In the last third of the nineteenth century a new housing form was quitely being developed. In 1869 the Stuyvesant, considered New York’s first apartment house was built on East Eighteenth Street. The building was financed by the developer Rutherfurd Stuyvesant and designed by Richard Morris Hunt, the first American architect to graduate from the Ecole des Beaux Arts in Paris. Each man had lived in Paris, and each understood the eonomics and social potential of this Parisian housing form. But the Stuyvesant was at best a limited success. In spite of Hunt’s inviting façade, the living space was awkwardly arranged.

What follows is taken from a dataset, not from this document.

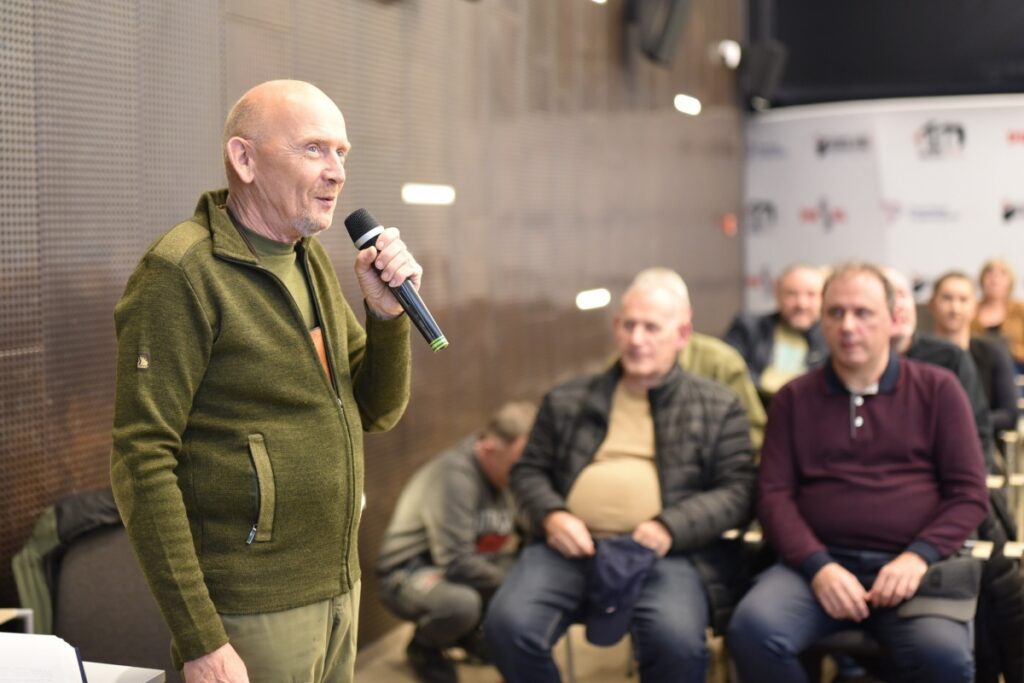 Mężczyzna stoi w sali Mediateki i przemawia do publiczności, trzymając mikrofon w dłoni. Za nim widoczni są uczestnicy spotkania siedzący na krzesłach i uważnie słuchający wystąpienia.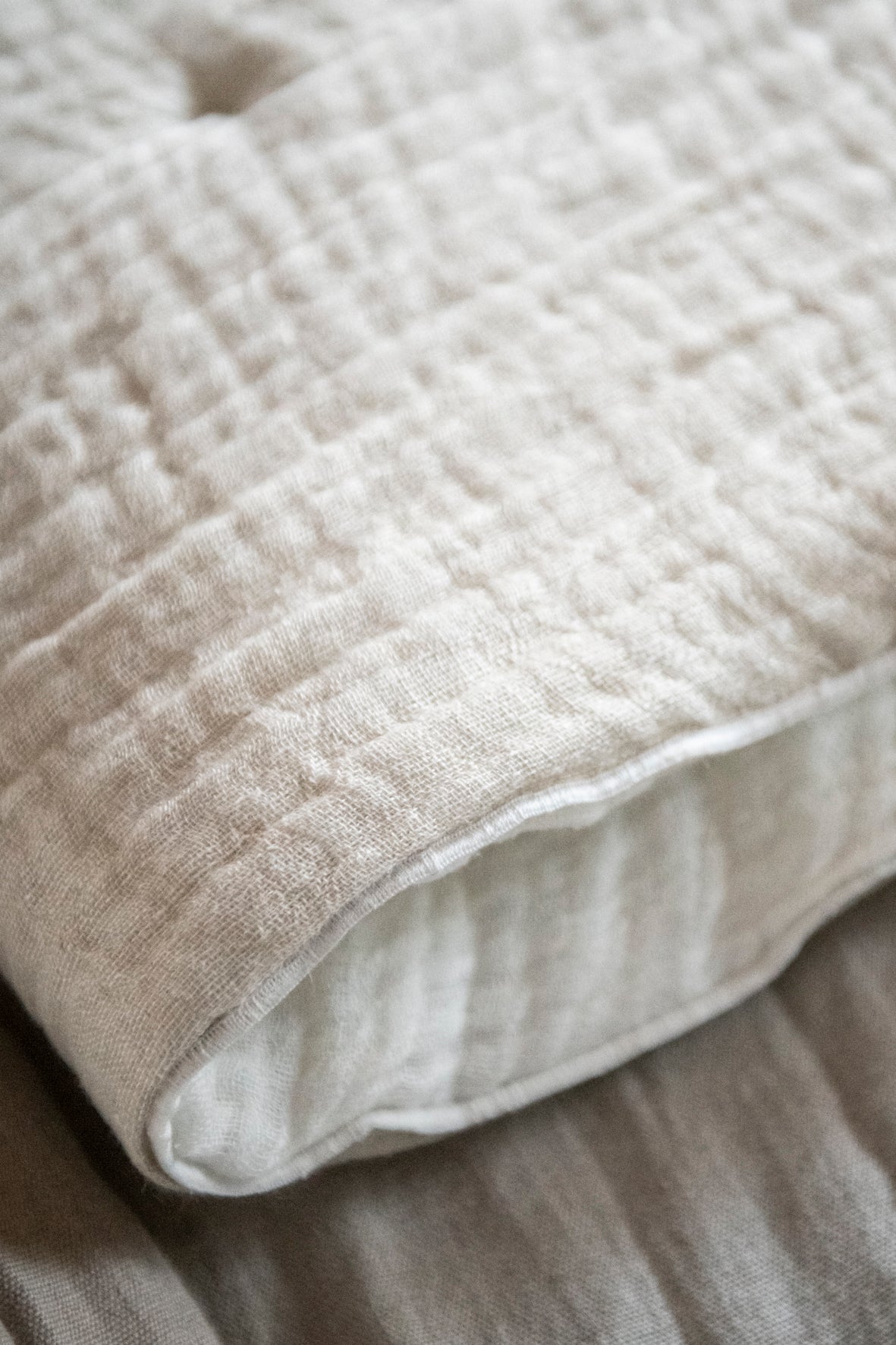Plaid para decorar a los pies de la cama reversible en lino blanco y begie y acolchado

Those who could afford them were quite content to remain in the more sumptous, single-family homes, leaving the Stuyvesant to newly married couples and bachelors.

The fundamental problem with the Stuyvesant and the other early apartment buildings that quickly followed, in the 1870’s and early 1880’s was that they were confined to the typical New York building lot. That lot was a rectangular area 25 feet wide by 100 feet deep-a shape perfectly suited for a row house. The lot could also accommodate a rectangular tenement, though it could not yield the square, well-lighted, and logically arranged rooms that great apartment buildings require. But even with the awkward interior configurations of the early apartment buildings, the idea caught on. It met the needs of a large and growing population that wanted something better then tenements but could not afford or did not want row houses.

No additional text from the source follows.